Roneeka Hodges was forced to leave in the first quarter due to a calf strain, but the Dream looked like they were playing well enough without her. The Lynx took the first-quarter lead but the Dream stayed right on their heels. McCoughtry took the advantage in the battle versus Maya with six first-quarter points. Forward Delisha Milton-Jones missed a long three pointer near the top of the arc at the buzzer as the Lynx hung on to a one-point lead after 10 minutes.
The second quarter started with a steal by Lyttle which Schimmel soon turned into a triple that put the Dream up 21-19. The Dream would stay on top and extend their lead, switching from a zone defense to a man-to man and perplexing the Lynx. Minnesota turned over the ball seven times during the quarter, errors which Atlanta turned into 12 points. Minnesota’s set plays were working but McCoughtry was playing great defense and Atlanta looked very much like the team that watchers hoped they would be at the start of the season. At halftime, McCoughtry had 16 points and Moore had 14, but the most important stat was the fact that the Dream had just one (1) turnover for the entire first half as they went into the break with a 45-36 lead.

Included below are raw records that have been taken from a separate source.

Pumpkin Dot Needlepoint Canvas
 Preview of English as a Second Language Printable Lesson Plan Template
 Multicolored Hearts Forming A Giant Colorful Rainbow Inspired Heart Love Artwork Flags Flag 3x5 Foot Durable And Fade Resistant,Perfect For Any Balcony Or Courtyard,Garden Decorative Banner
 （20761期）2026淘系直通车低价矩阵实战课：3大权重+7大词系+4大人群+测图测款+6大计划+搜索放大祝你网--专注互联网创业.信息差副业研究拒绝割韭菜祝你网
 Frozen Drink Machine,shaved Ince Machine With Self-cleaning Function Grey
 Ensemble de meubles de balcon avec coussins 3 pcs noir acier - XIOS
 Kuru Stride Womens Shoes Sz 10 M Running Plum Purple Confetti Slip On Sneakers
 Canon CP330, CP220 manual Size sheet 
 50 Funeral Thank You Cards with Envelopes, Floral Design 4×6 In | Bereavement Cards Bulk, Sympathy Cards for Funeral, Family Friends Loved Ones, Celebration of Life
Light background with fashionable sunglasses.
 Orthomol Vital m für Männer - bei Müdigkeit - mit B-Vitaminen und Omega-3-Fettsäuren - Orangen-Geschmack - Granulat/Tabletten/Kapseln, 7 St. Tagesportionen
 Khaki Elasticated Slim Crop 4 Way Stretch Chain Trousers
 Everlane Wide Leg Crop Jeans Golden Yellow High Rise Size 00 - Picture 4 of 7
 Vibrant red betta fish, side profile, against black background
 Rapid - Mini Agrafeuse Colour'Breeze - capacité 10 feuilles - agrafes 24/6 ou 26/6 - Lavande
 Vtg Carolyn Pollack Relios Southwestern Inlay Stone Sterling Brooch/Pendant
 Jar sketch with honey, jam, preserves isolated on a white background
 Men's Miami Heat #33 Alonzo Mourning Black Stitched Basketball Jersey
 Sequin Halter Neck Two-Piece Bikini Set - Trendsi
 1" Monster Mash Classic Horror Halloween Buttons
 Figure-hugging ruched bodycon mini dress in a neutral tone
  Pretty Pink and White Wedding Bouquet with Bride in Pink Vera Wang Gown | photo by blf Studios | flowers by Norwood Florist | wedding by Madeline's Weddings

In the third quarter, the Dream was feeling confident, and after hitting two three-pointers at the start of the second half, McCoughtry was confident enough to strike a pose and flex her muscles after some contact under the basket. A pair of free throws by McCoughtry – her 25th and 26th points – put the Dream up 59-43 with 5:14 left in the period.
Unfortunately, this was a season where Minnesota has a lot of experience digging themselves into holes and digging back out. Minnesota center Sylvia Fowles began to find her touch and the Lynx went on a 19-7 run in the back half of the third quarter. Once leading by 16, the Dream found themselves up by just four, ahead 66-62 with only 10 minutes left.
It was time for Moore to heat up, and for McCoughtry to cool down. Minnesota stayed within a couple of baskets and inched slowly ahead. With 2:20 left, Moore scored her 36th point of the game on a 3-pointer and put Minnesota up for the first time since the first quarter, 80-79.
Both teams looked for the long ball. Augustus, then Damiris Dantas, then Moore, THEN McCoughtry all missed 3-point attempts. With 31 seconds left, Fowles found the basket to put Minnesota up 82-79. The Dream could eat up the clock on their next possession, and with 12 seconds left McCoughtry took a 3-point attempt to tie the game from the top of the arc…that fell short. She would get another 3-pointer at the buzzer, but it was too little, too late as the Dream had run out of time.
McCoughtry had 32 points for the Dream in the loss and Schimmel’s 18 points were a season-best. Lyttle posted eight points and six rebounds, including the 2000th of her career (17th all-time in league annals).
Moore rose to the occasion and finished with 36 points. Fowles had 19 points and eight rebounds and Minnesota shot 46.2 percent for the game.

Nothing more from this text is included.